━━━ SOURCE DATA

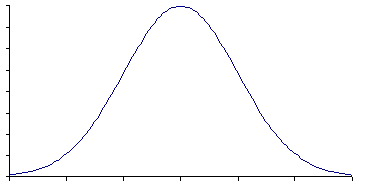 Many histograms of real data are bell shaped. Here is the standard bell-shaped  curve:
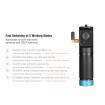 Wondlan Skywalker SK03 3-Axis Gimbal Handheld Groscope Stabilizer Load 2kg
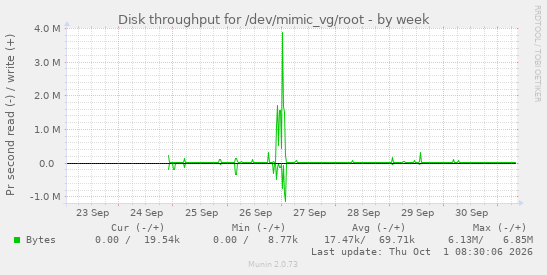 Disk throughput for /dev/mimic_vg/root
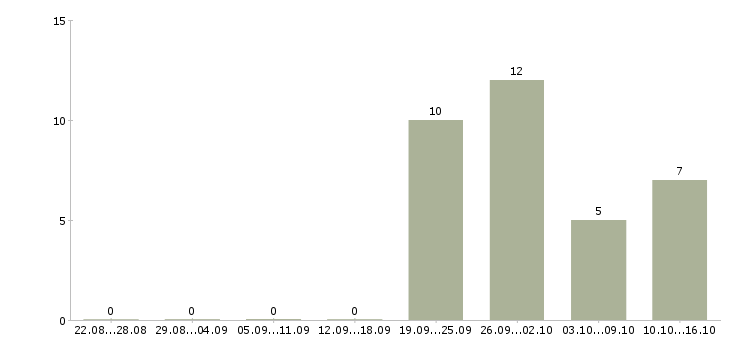 Работа менеджер по мотивации в Сургуте - Число вакансий в Сургуте по специальности менеджер по мотивации за 2 месяца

━━━━━━

» **TASK DESCRIPTION**
The material must be returned exactly, with its pictures omitted.

» **YOUR RESPONSE**
 Many histograms of real data are bell shaped. Here is the standard bell-shaped  curve:
 Wondlan Skywalker SK03 3-Axis Gimbal Handheld Groscope Stabilizer Load 2kg
 Disk throughput for /dev/mimic_vg/root
 Работа менеджер по мотивации в Сургуте - Число вакансий в Сургуте по специальности менеджер по мотивации за 2 месяца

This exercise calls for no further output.